Source material
--------------------------------------------------

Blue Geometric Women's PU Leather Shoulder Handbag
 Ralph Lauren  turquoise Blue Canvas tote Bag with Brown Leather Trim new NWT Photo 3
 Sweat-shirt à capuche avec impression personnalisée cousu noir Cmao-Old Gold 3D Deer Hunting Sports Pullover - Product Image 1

--------------------------------------------------

What the exercise asks
This exercise asks for an exact repeat of the lines from the one holding "NWT Photo 3" through the end of the data above.

Completed exercise
 Ralph Lauren  turquoise Blue Canvas tote Bag with Brown Leather Trim new NWT Photo 3
 Sweat-shirt à capuche avec impression personnalisée cousu noir Cmao-Old Gold 3D Deer Hunting Sports Pullover - Product Image 1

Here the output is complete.